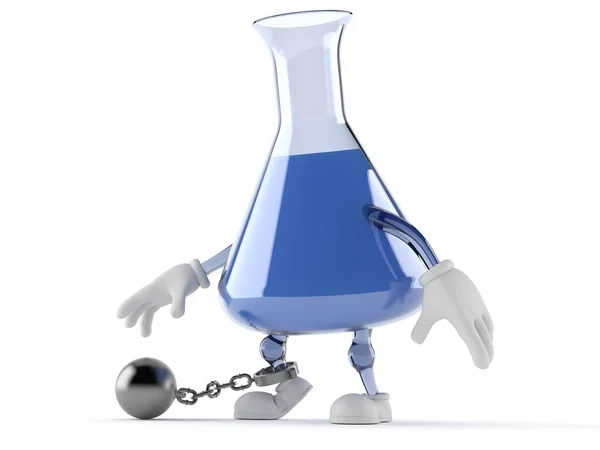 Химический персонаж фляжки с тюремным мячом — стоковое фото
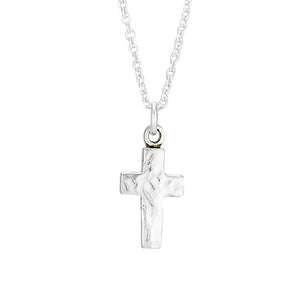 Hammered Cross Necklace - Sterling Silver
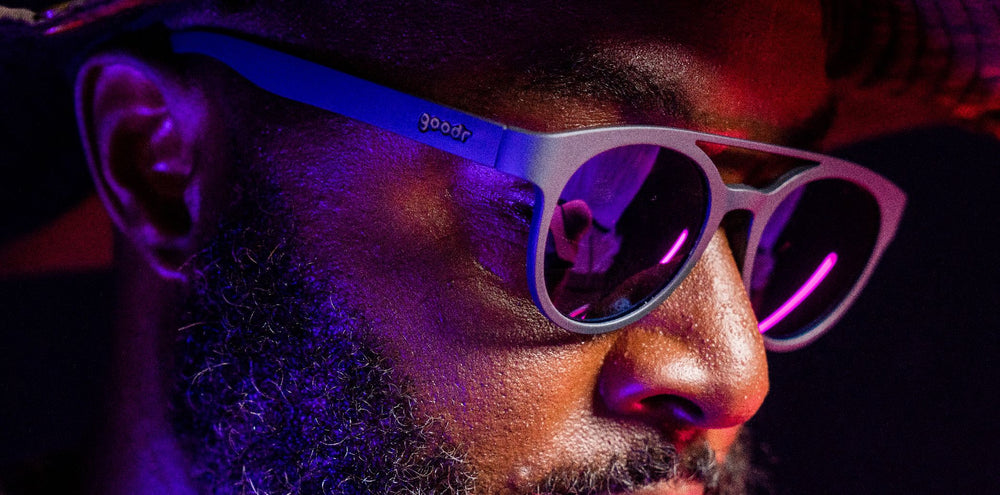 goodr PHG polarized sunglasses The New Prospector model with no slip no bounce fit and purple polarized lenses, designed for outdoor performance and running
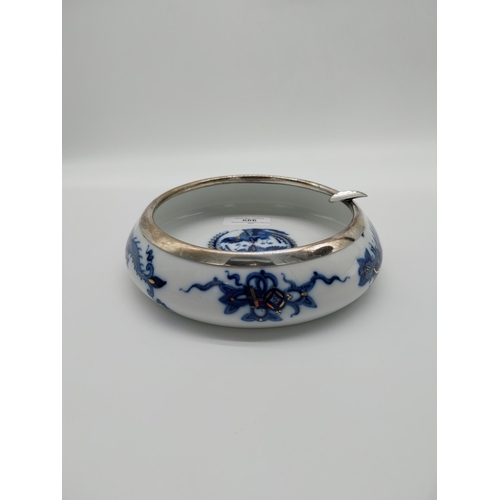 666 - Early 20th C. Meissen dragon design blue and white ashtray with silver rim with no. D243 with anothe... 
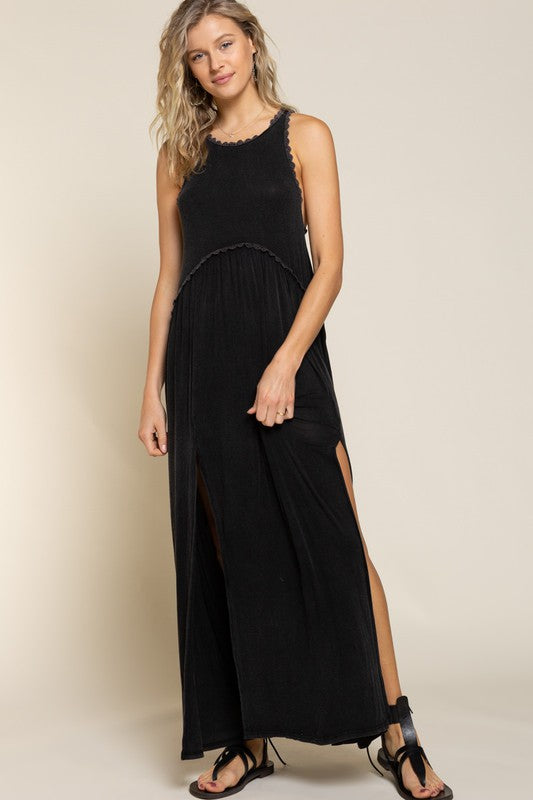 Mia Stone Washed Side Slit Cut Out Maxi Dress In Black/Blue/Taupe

* * *

--- THE PROBLEM ---
Where a record holds a picture, skip the picture and copy everything else exactly.

--- ANSWER BELOW ---
 Химический персонаж фляжки с тюремным мячом — стоковое фото
 Hammered Cross Necklace - Sterling Silver
 goodr PHG polarized sunglasses The New Prospector model with no slip no bounce fit and purple polarized lenses, designed for outdoor performance and running
 666 - Early 20th C. Meissen dragon design blue and white ashtray with silver rim with no. D243 with anothe... 
 Mia Stone Washed Side Slit Cut Out Maxi Dress In Black/Blue/Taupe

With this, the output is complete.